2020-02-05 A few days ago I watched a video by KW4JM describing his DIY No-Stick Buddy-Stick Antenna. We had a QSO a couple days earlier when Scott was a SOTA activator on a SUMMIT in the Western Carolina Mountains. His antenna seemed so simple and straight forward and so similar to the Wolf River Coils TIA and Pac 12 antennas I've been playing with that I had to give it a try. So this afternoon I built my version. Mine is essentially a 17 foot, 1/4 wavelength vertical on 20 meters with a center loading coil tapped for the lower frequency bands. The radiator above the coil is 12 feet long, the coil is about six inches long and the bottom section below the coil is about 4 feet long. All combined it is 17 feet long give or take a couple inches. The pictures pretty well describe it.

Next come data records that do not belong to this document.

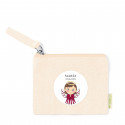 Porte-monnaie en coton avec autocollant de 5 cm design ange pour les détails de baptême fille
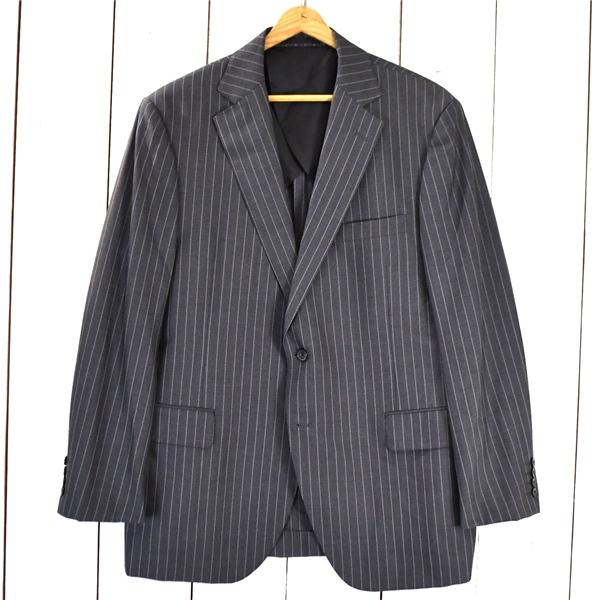 五大陸 gotairiku ドーメル生地 2つボタン シングル ジャケット 38 / L ミドルグレー ストライプ 袖口4つ釦 0205-SR-GL-CM-0135 / 6TC085 | gotairiku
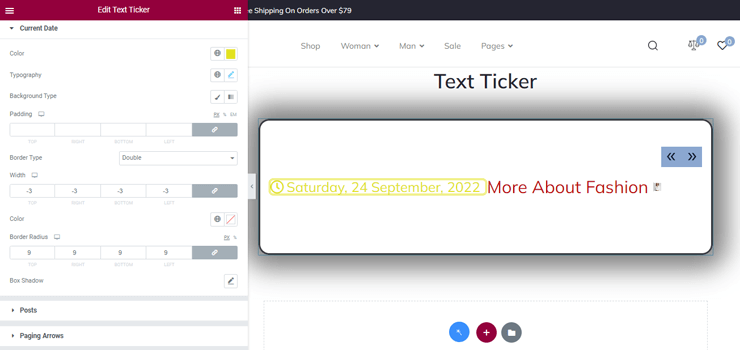 content date settings of text ticker widget
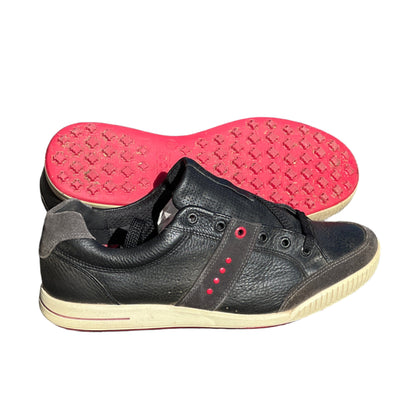 Men’s Ecco Street Premier Cleat-less Golf Shoe 43EU •Black/Red•  Leather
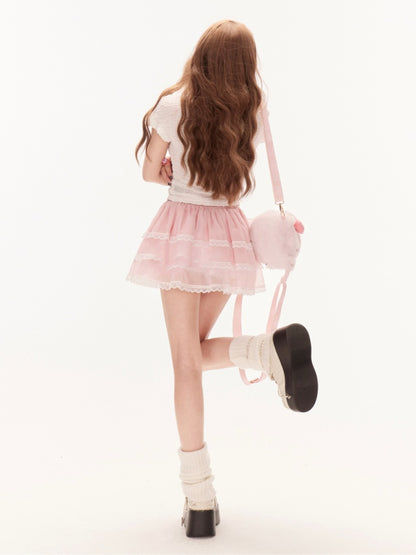 プリントニットTシャツ ホワイト モックネック スイート ボウノット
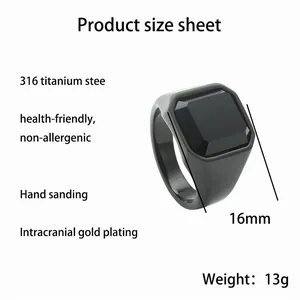 Detalles del anillo de sello de acero de titanio negro de 16mm, acero hipoalergénico 316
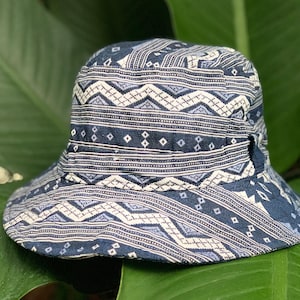 Festival bucket Hat style Men women Aztec Ikat Boho Hippie Tribal and Hipster men women Fishing Hat Cotton Linen natural street Hat Thailand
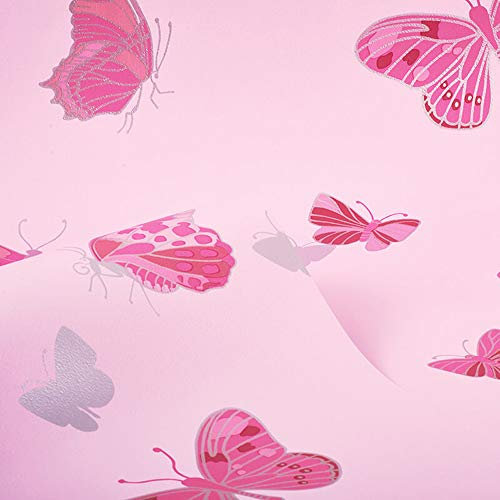 DEBONA Butterfly Wallpaper Pink Metallic Silver Girls Bedroom Washable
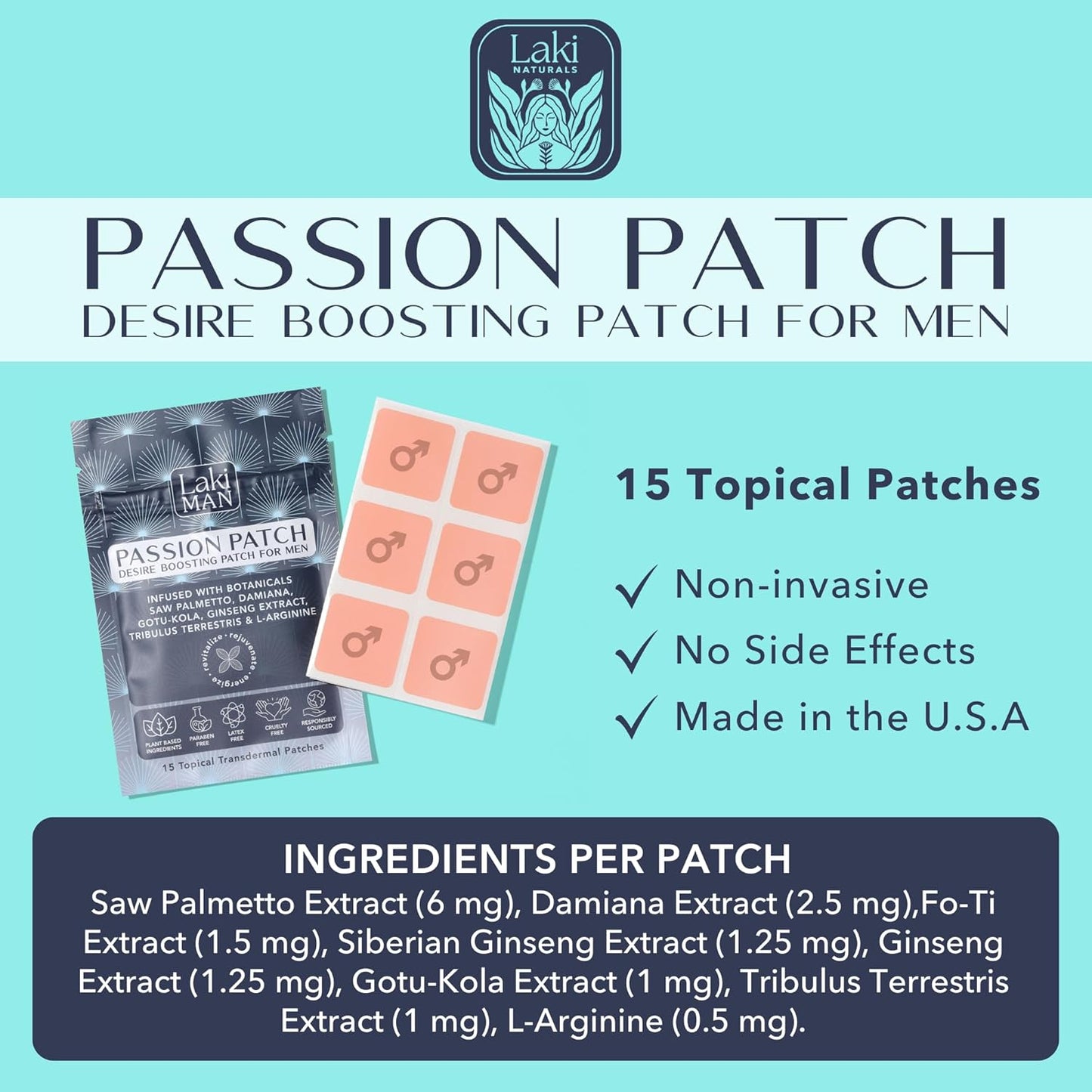 Laki Naturals Passion Patch for Men (Pack of 15) – Supports Circulation, Vitality, Vigour and Energy with Natural Ingredients – Non-Habit Forming, Time-Released Men’s Health Wellness Patches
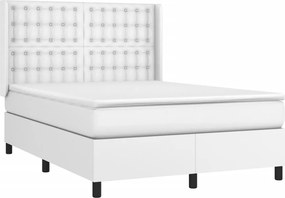 vidaXL Κρεβάτι Boxspring με Στρώμα &amp; LED Λευκό 140x200 εκ. Συνθ. Δέρμα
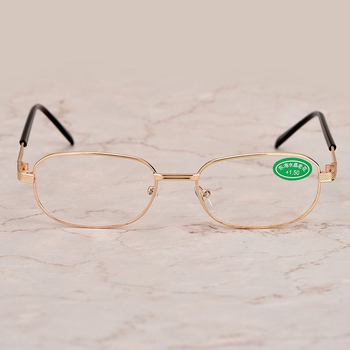 Uniszex presbiop szemüveg üveg lencsékkel, teljes keretű fém keret, modell 602, kis arcformájúaknak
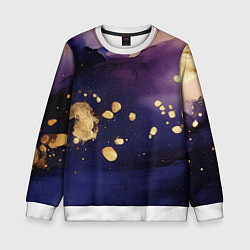 Свитшот детский Золотая краска на текстуре, цвет: 3D-белый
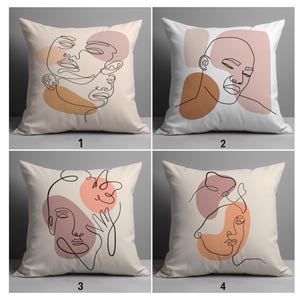 Abstraktes Gesicht Line Art Kissenbezüge, modernes minimalistisches Gesichtsdekor Kissenbezüge, zeitgenössische Kunst Dekokissenbezüge, abstrakter Kissenbezug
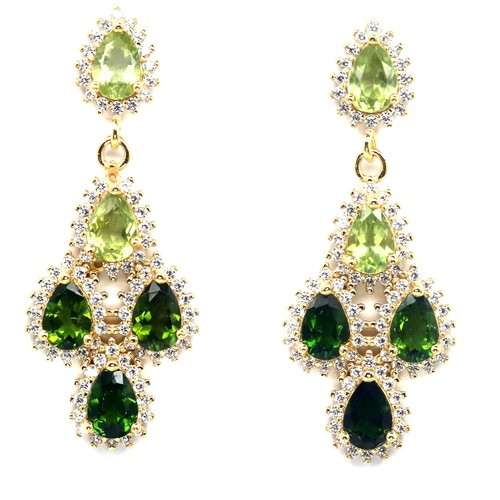 Boucles D'oreilles Puces Argent Massif 925 - Péridot Vert Synthétique - Cadeau Anniversaire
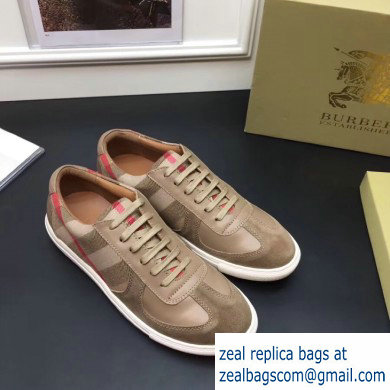 Burberry Vintage Check and Suede Men's Sneakers Beige 02 2019 - Click Image to Close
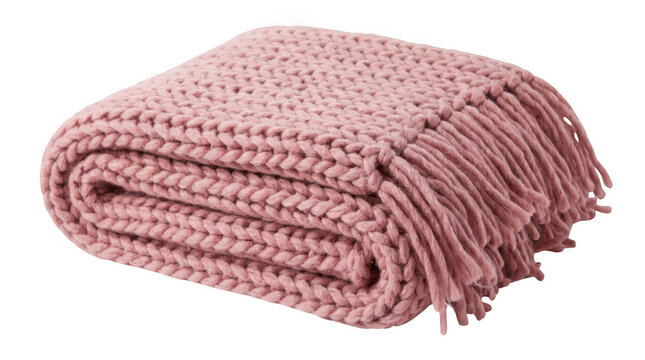 Cozy pink chunky knit wool throw blanket isolated on transparent background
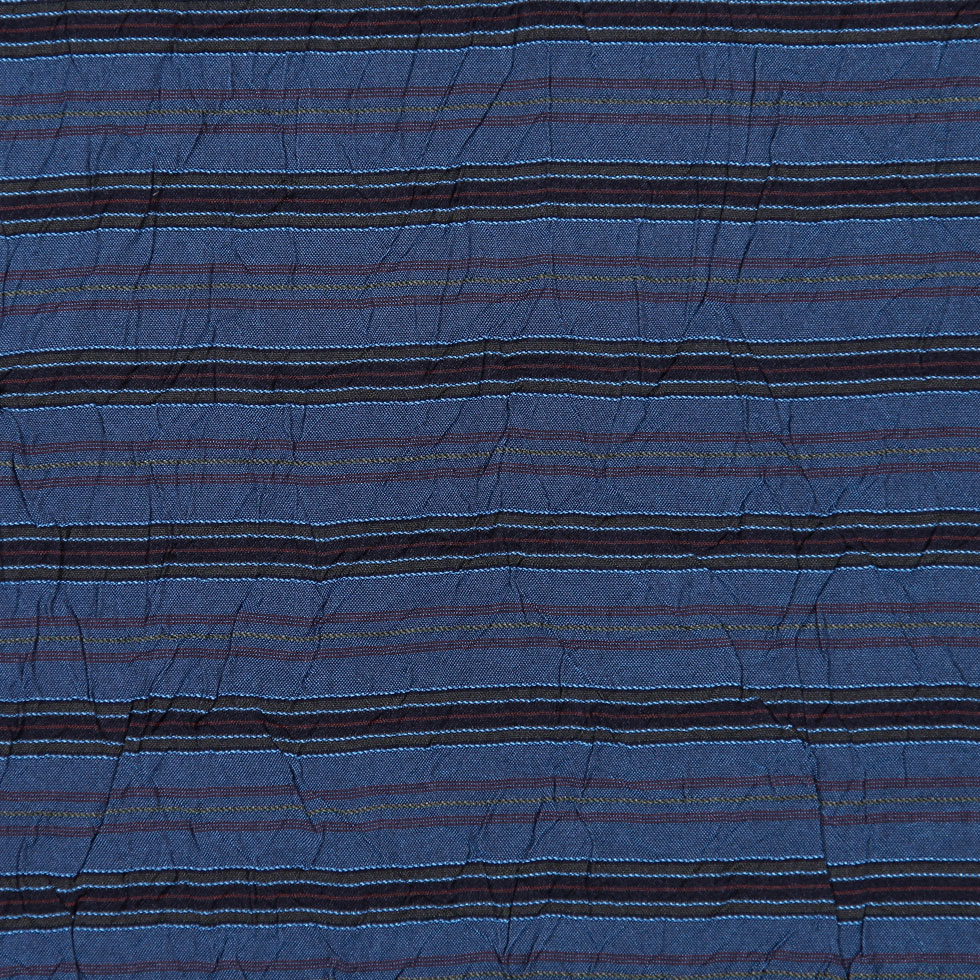 Italian Deep Blue-Green Crinkled Striped Woven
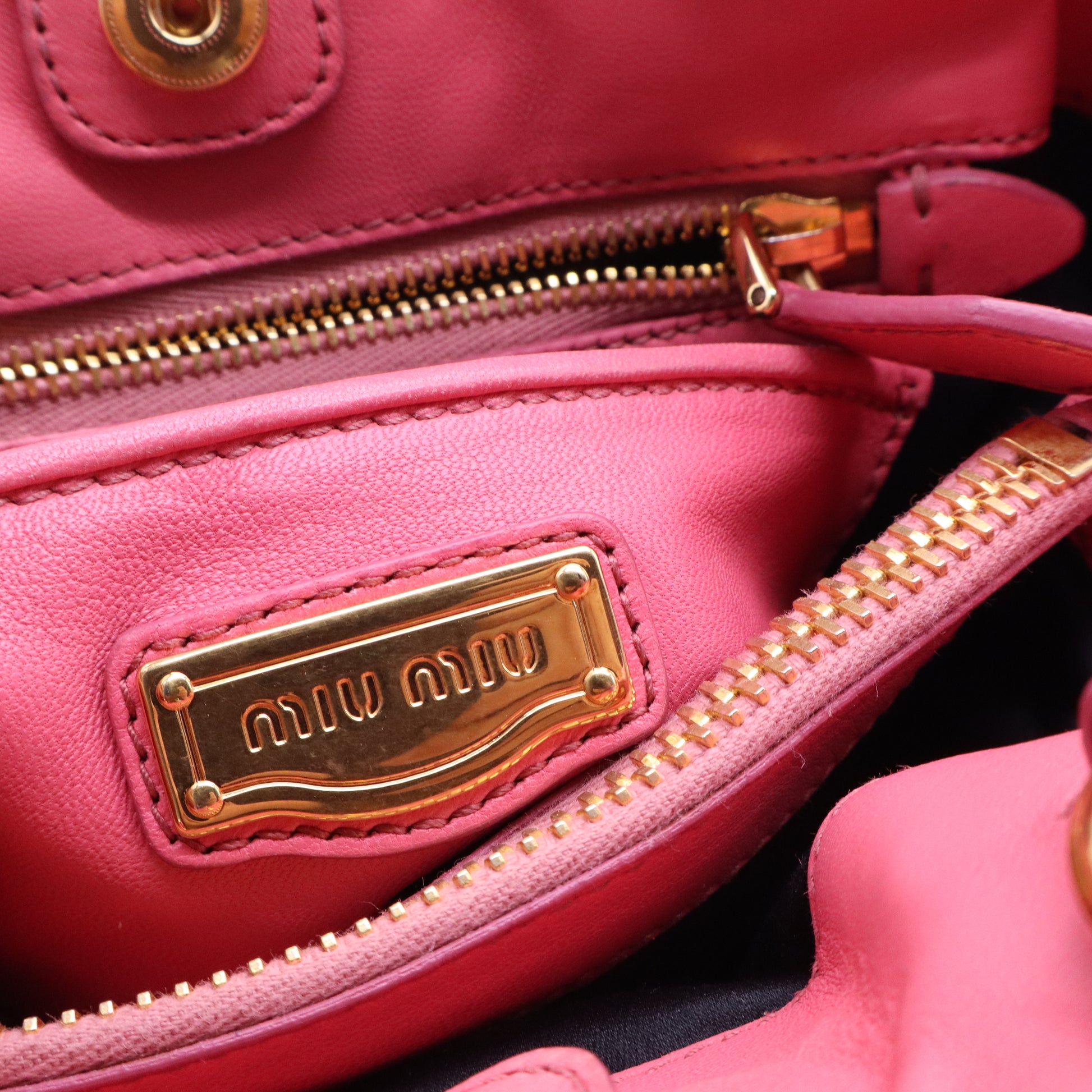 Miu Miu Nappa Matelasse Bauletto Top Handle Bowler Loto B20750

The schematic shows the overall antenna as KW4JM describes it. I made a small change based on my experience with the Wolf River Coils TIA antenna, and made the bottom section below the coil 4' long instead of 3' as his was. Another small change I made was the coil form. He wound the coil on a six inch piece of 1-1/4 PVC. That seemed heavy to me so I found a plastic plumbing pipe that normally attaches between a sink drain and the water trap below the kitchen sink. It is a bit smaller O.D. but much lighter weight. I wound 47 close-wound turns of 24 Gauge RCA Speaker wire and stopped, because my wire ran out! The entire thing is made using that 24 Gauge speaker wire. I had one of those BNC to banana plug adapters so used it like Scott did. I also cut the three radials 16', 23' and 33', also made of speaker wire. As Scott suggests I used a straight pin to poke through the insulation into the wire at various places to "tune" the loading coil.
It was early evening when we finished dinner, and dark and cold outside. But I couldn't wait. So I strung it up in our stairway. I put a small nail in the door frame of the upstairs bathroom and looped the tip of the radiator around the nail, and then gently stretched the thing down the stairs and taped the bottom wire to the hand rail, letting the Connector dangle a foot or so below the rail. Then I strung the three radials around the house as best I could, connected a 25 foot piece of RG-174 feedline to my NanoVNA and turned it on. With the straight pin in the wire at the very top of the coil, to my surprise it was resonant in 20 meters, 14.070 to be exact with a very low SWR! Playing with the pin in different turns of the coil I discovered that 8 turns from the top resonated in the 30 meter band, 20 turns in 40 meters and 47 turns in the 60 meter band! And the SWR dips were clean and sharp!
Being impatient, and with my wife out of the house helping with AWANA, the children's program at church, I quick got my xiegu x5105 and connected to the coax. With the pin in the 20th turn for 40 meters, I turned on the radio and amazing, there were signals, good ones! Again, unwilling to wait for one of the QSOs to end so I could call one of the stations, I tuned to 7.054 which was clear and called CQ. When I finished my second CQ call WB1GYZ, Bob, in CT answered. He was 589! Talk about being surprised! We had about a five minute QSO, solid all the way. When I told him what I was running, he responded "hi hi!" That's OK, I was laughing too. One QSO doesn't prove much but I'm happy tonight. Thanks, Scott, for the SOTA QSO a few days ago, and this great antenna idea! And thanks, Bob, for the motivating contact tonight!
I still have a little work to do on it before I declare it finished and ready for the cold, cruel world. I need to decide whether to lengthen the coil and try it on 80 meters, then I will cut the "sewer pipe" to length. I also need to add the little brass screw eyes to make the taps permanent. I don't think the stick pin is a good field idea! But I will be using it once the weather warms up a bit here in Wisconsin.